Something I've always found funny as an LGBT+ person is the trope of the "token gay person" in media. For those unfamiliar, in TV shows, books, or movies that have representation, there's a group of heterosexual, cisgender friends and within them, there is one (1) homosexual or one (1) trans person. And honestly, I find this laughable. As an LGBT+ person, I can tell you that we rarely travel alone. Personally, my friend group in college does not contain a single heterosexual, heteroromantic, cisgendered person. The group consists of a bisexual woman, a pansexual woman, a pansexual trans man, and a trans man who doesn't label his sexual orientation. Then there's me, an asexual, panromantic woman. Like finds like. LGBT+ finds LGBT+.
And really? I wouldn't have it any other way.

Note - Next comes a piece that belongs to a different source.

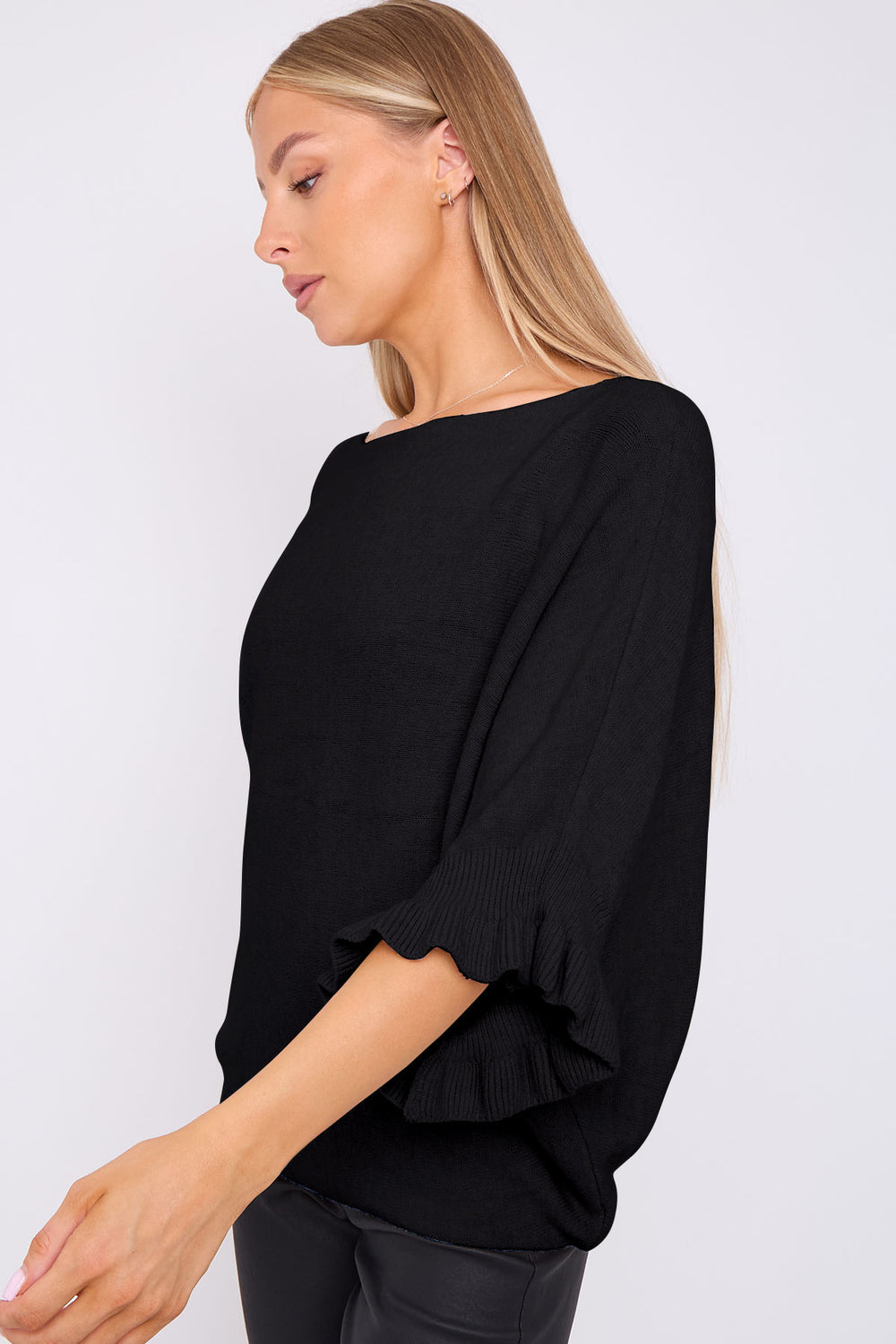 Ellie Frill Sleeve Bardot Jumper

When I got to college, I was still mostly in the closet. I could count the number of people I'd come out to on my fingers. Most people considered me allosexual at least, and the vast majority of my graduating class and even some of my friends thought I was heterosexual. I definitely wasn't the token gay person, there were a couple of non-cis or non-straight people in my friend groups, but they were either closeted or shy about their identities. I grew up in a conservative city in Idaho; I can't blame them. But when I moved to Missoula, I found not only LGBT+ people, but LGBT+ people who were brave enough to be openly LGBT+. My female friends talked about girls they liked without furtive glances or fear. My trans friends gave me a name to use for them and I used it, and that was that.
For once in my life, I didn't have to be shy about being LGBT+.
When I talked about the girl across my hall who had the kindest smile and who was so caring to me when I came out as asexual to my floor, who I had a little bit of a crush on, their reaction was gentle teasing instead of shock that it was a girl I liked. When they mentioned sex drive and I couldn't relate because I was ace, they didn't think I was broken or discount my experiences. They accepted it, moved on.
And most importantly, they loved me for it, not in spite of it.
One friend told me I was a badass bitch and that I'd find someone who loved me for me, and that even if I didn't find romantic love that she'd be there for me. Another sat there and listened to me talk about being ace, made ace jokes with me and talked about how I belonged. Yet another friend sent me an ace pride pin in the mail because he wanted me to feel accepted and loved in a community that often didn't give me those things. And my longest-standing friend in college has sent me ace positivity posts, listened to me talk about all the difficulties being ace brings, and reminded me that I'm valid through even my darkest times.
And most importantly, they've shown me through their experiences and their confidence, that I'm not alone, that I have a place in the LGBT+ community.
These wonderful people have helped me grow into a confident human who knows just who she is and who is growing to speak out about it. They've helped me be a person who will use my voice for good. They've helped me recognize my privileges and use them to help those who don't have them, and they've helped me be better rounded. Overall, these people have made me amazing. I'm a better person now than I could ever have been without them. And I love them for that growth that they've cultivated in me.
LGBT+ friend groups are a gift for LGBT+ people, and their love and support can't be emphasized enough. So to my LGBT+ friend group, thank you for all you've done. I love all of you to bits, and I hope that I've given you even a tiny microcosm of the same support that you've given me.